SEDIMENT ACCUMULATION RATES, HISTORICAL INPUT, POSTDEPOSITIONAL MOBILITY AND RETENTION OF MAJOR ELEMENTS AND TRACE-METALS IN SALT-MARSH SEDIMENTS OF THE SCHELDT ESTUARY, SW NETHERLANDS

The distribution of major elements and trace metals has been studied in two radiodated salt marsh sediment cores (core K and core E) of the Scheldt estuary, in order to determine the recent pollution history and to assess the impact of diagenetic processes. The sedimentation rates, based on Pb-210 and Cs-137 inventories, were 0.84-0.90 cm/yr in core E and 1.3-1.7 cm/yr in core K. The sediments show a vertical redox zonation with an oxic upper layer, where trace metals are mobilized, overlying a reduced layer where the metals are precipitated.

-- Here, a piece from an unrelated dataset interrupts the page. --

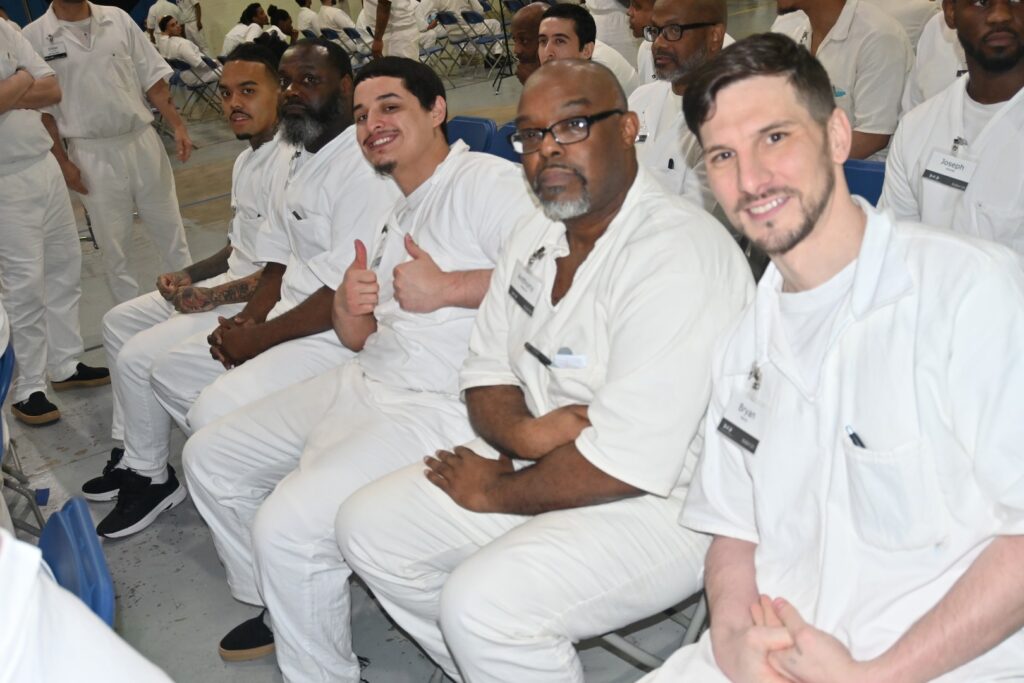 Prison Entrepreneurship Program participants seated and smiling during a PEP class session inside a Texas correctional facility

Though these diagenetic processes have greatly modified the original trace metal distribution, anthropogenic maxima could be identified for Cd, Cr, Cu, Pb, and Zn during the mid-sixties. A second pollution maximum was found at the end of the seventies for Cd, Cu, Pb, and Zn. The down-core distributions of Mn, Fe, total S, CaCO3, Sr, Co, and Ni are controlled by diagenetic processes, whereas the P profiles reflect both anthropogenic and diagenetic impacts. Rapid remobilization of trace metals occurs after their deposition on the marshes due to the occurrence of oxic conditions in the upper sediment layer, preventing precipitation of metal sulfides from the pore waters. Though the metals are partly reprecipitated in the reduced sediment layer (e.g. as sulfides), the inventory of the cores suggests that Cr is the only metal which is completely retained by the sediments. Slight losses are observed for Fe, Co, and Pb (11-14%), moderate losses for Zn, Cu, and Ni (19-25%), and high losses for P, Mn, and Cd (40-50%). Similar mobilization of trace metals is to be expected in other salt marshes if a distinct oxic sediment layer is present.